***** Source data

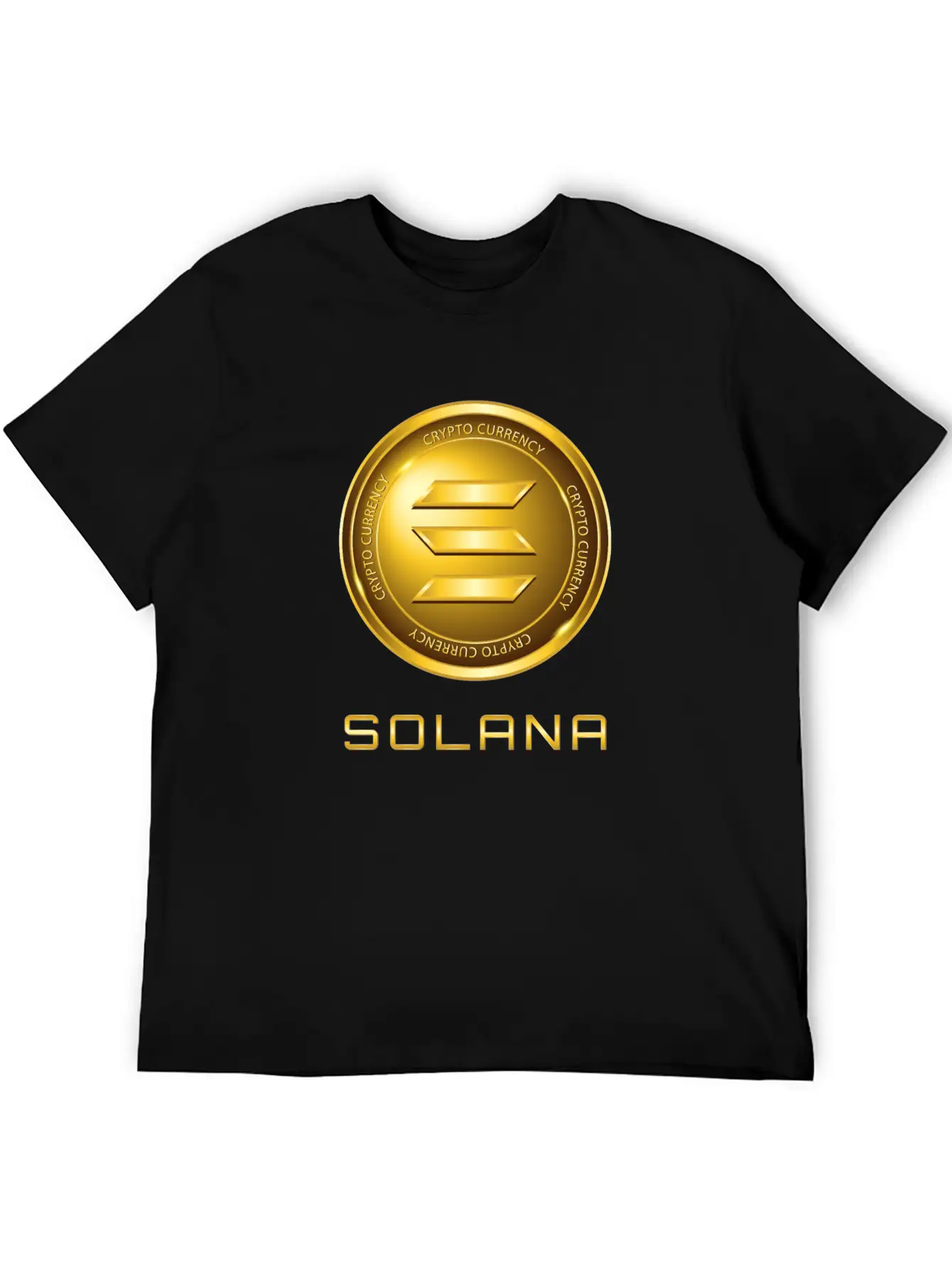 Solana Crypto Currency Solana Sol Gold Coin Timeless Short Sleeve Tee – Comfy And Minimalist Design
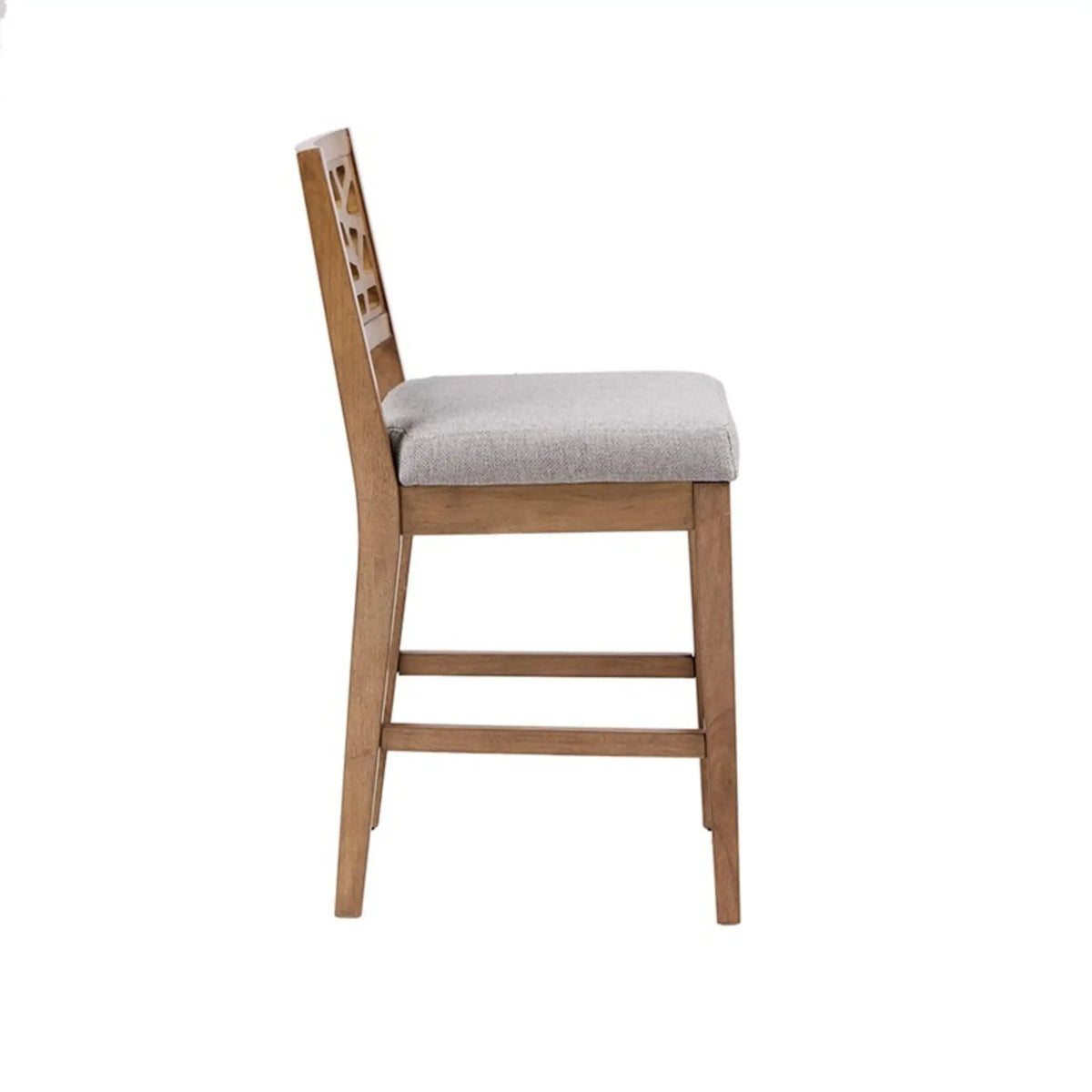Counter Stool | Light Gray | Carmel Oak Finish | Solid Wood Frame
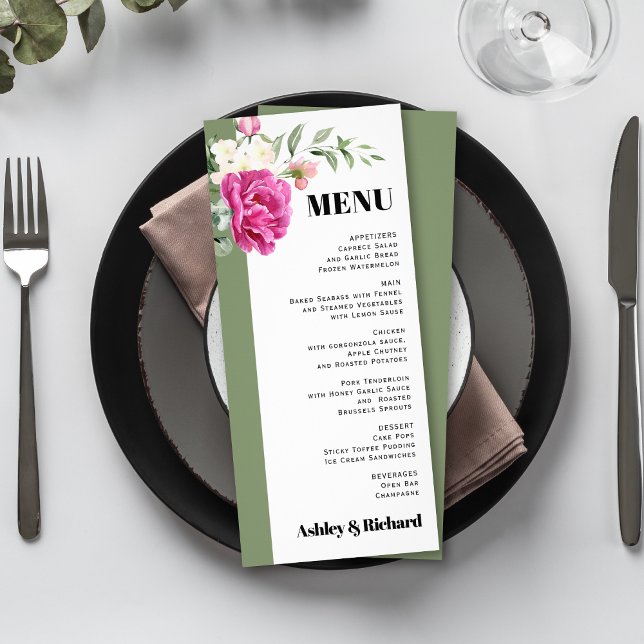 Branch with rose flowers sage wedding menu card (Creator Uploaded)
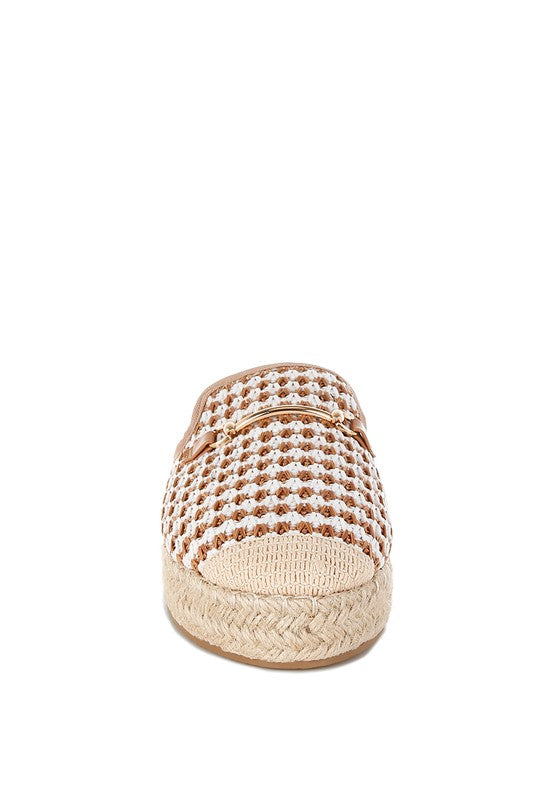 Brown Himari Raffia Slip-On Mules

**********

## Problem
Return the material exactly as given above, picture-free.

## Completed task
 Solana Crypto Currency Solana Sol Gold Coin Timeless Short Sleeve Tee – Comfy And Minimalist Design
Counter Stool | Light Gray | Carmel Oak Finish | Solid Wood Frame
 Branch with rose flowers sage wedding menu card (Creator Uploaded)
 Brown Himari Raffia Slip-On Mules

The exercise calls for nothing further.